* **Records to use**
§ §

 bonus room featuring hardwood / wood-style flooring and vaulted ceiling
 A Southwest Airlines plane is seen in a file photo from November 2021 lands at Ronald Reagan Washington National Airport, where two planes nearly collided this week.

§ §

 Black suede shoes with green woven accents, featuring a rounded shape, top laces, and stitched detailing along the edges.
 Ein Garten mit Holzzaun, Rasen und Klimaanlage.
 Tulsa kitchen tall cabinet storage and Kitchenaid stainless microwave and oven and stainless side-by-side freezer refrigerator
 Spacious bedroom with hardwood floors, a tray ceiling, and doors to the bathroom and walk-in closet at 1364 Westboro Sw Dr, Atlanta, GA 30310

§ §

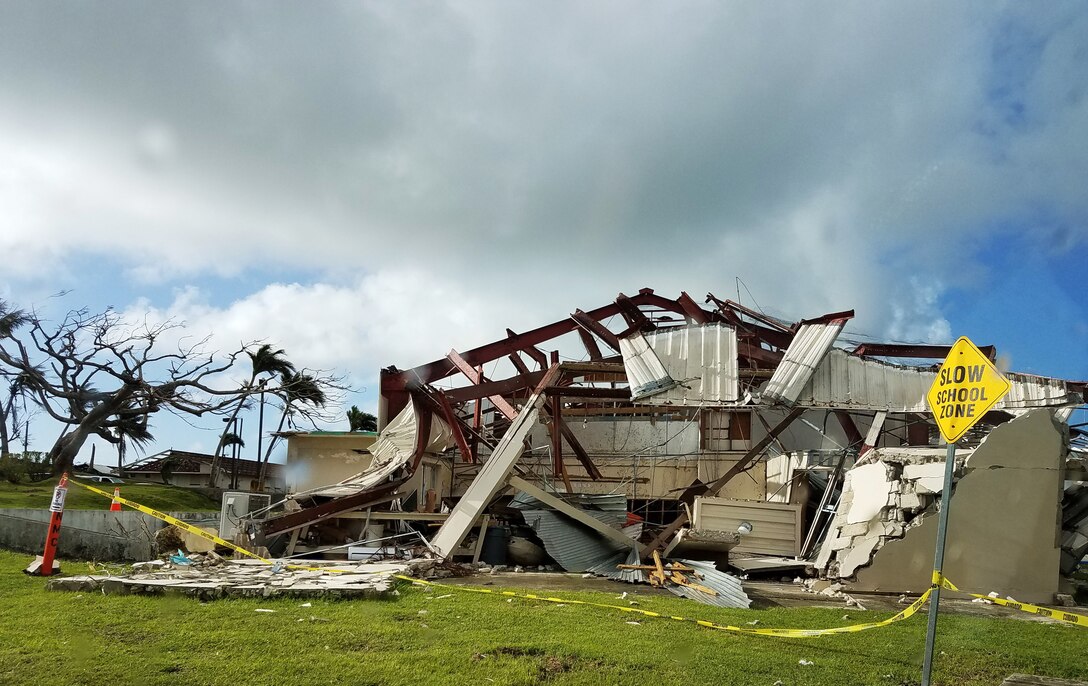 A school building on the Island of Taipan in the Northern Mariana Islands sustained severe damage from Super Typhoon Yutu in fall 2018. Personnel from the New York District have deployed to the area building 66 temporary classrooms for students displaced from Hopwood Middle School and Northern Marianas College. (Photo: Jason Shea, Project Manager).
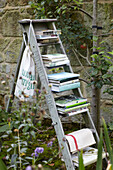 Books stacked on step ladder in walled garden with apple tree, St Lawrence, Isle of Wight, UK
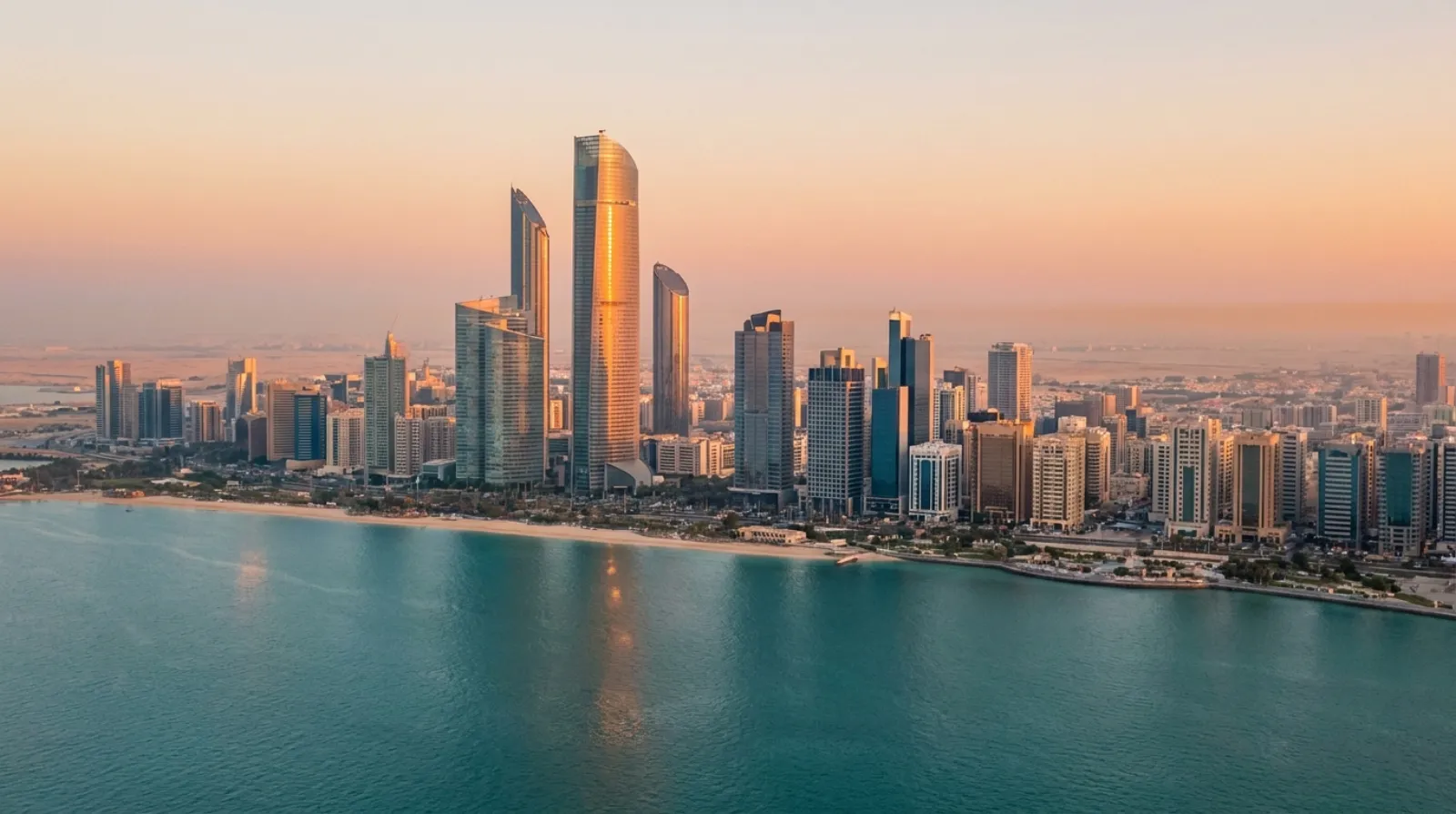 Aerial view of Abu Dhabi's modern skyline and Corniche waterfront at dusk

§ §

* **Prompt**
Retype only this portion of the data above: the line containing "bonus room featuring", the line containing "A Southwest Airlines", and all lines between them, exactly.

* **Written reply**
 bonus room featuring hardwood / wood-style flooring and vaulted ceiling
 A Southwest Airlines plane is seen in a file photo from November 2021 lands at Ronald Reagan Washington National Airport, where two planes nearly collided this week.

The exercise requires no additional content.